## What is required
Line by line, copy out the data that follows.

## Provided records
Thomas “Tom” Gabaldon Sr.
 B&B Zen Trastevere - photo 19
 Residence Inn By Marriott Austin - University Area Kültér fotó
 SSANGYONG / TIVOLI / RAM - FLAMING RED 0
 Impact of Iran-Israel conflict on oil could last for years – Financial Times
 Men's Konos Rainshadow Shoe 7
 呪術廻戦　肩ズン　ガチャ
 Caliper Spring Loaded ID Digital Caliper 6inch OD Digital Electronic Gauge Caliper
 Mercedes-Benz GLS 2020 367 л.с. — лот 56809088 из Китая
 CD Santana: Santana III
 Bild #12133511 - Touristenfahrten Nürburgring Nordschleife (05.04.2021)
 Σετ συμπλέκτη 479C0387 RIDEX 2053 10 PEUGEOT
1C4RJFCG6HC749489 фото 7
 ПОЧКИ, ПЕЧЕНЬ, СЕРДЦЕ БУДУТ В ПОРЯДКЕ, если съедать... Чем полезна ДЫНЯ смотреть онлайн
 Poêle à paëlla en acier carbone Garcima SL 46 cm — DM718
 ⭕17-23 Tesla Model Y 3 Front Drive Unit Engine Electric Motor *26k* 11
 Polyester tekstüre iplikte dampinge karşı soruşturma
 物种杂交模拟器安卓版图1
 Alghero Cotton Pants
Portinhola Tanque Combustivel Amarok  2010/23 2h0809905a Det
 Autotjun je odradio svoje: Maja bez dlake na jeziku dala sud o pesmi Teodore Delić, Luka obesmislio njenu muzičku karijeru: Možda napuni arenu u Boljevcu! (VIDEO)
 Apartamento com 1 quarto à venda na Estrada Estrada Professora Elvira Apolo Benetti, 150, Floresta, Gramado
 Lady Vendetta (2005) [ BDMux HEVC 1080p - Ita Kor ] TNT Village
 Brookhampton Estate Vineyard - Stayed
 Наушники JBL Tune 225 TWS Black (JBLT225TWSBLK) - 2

## Result
Thomas “Tom” Gabaldon Sr.
 B&B Zen Trastevere - photo 19
 Residence Inn By Marriott Austin - University Area Kültér fotó
 SSANGYONG / TIVOLI / RAM - FLAMING RED 0
 Impact of Iran-Israel conflict on oil could last for years – Financial Times
 Men's Konos Rainshadow Shoe 7
 呪術廻戦　肩ズン　ガチャ
 Caliper Spring Loaded ID Digital Caliper 6inch OD Digital Electronic Gauge Caliper
 Mercedes-Benz GLS 2020 367 л.с. — лот 56809088 из Китая
 CD Santana: Santana III
 Bild #12133511 - Touristenfahrten Nürburgring Nordschleife (05.04.2021)
 Σετ συμπλέκτη 479C0387 RIDEX 2053 10 PEUGEOT
1C4RJFCG6HC749489 фото 7
 ПОЧКИ, ПЕЧЕНЬ, СЕРДЦЕ БУДУТ В ПОРЯДКЕ, если съедать... Чем полезна ДЫНЯ смотреть онлайн
 Poêle à paëlla en acier carbone Garcima SL 46 cm — DM718
 ⭕17-23 Tesla Model Y 3 Front Drive Unit Engine Electric Motor *26k* 11
 Polyester tekstüre iplikte dampinge karşı soruşturma
 物种杂交模拟器安卓版图1
 Alghero Cotton Pants
Portinhola Tanque Combustivel Amarok  2010/23 2h0809905a Det
 Autotjun je odradio svoje: Maja bez dlake na jeziku dala sud o pesmi Teodore Delić, Luka obesmislio njenu muzičku karijeru: Možda napuni arenu u Boljevcu! (VIDEO)
 Apartamento com 1 quarto à venda na Estrada Estrada Professora Elvira Apolo Benetti, 150, Floresta, Gramado
 Lady Vendetta (2005) [ BDMux HEVC 1080p - Ita Kor ] TNT Village
 Brookhampton Estate Vineyard - Stayed
 Наушники JBL Tune 225 TWS Black (JBLT225TWSBLK) - 2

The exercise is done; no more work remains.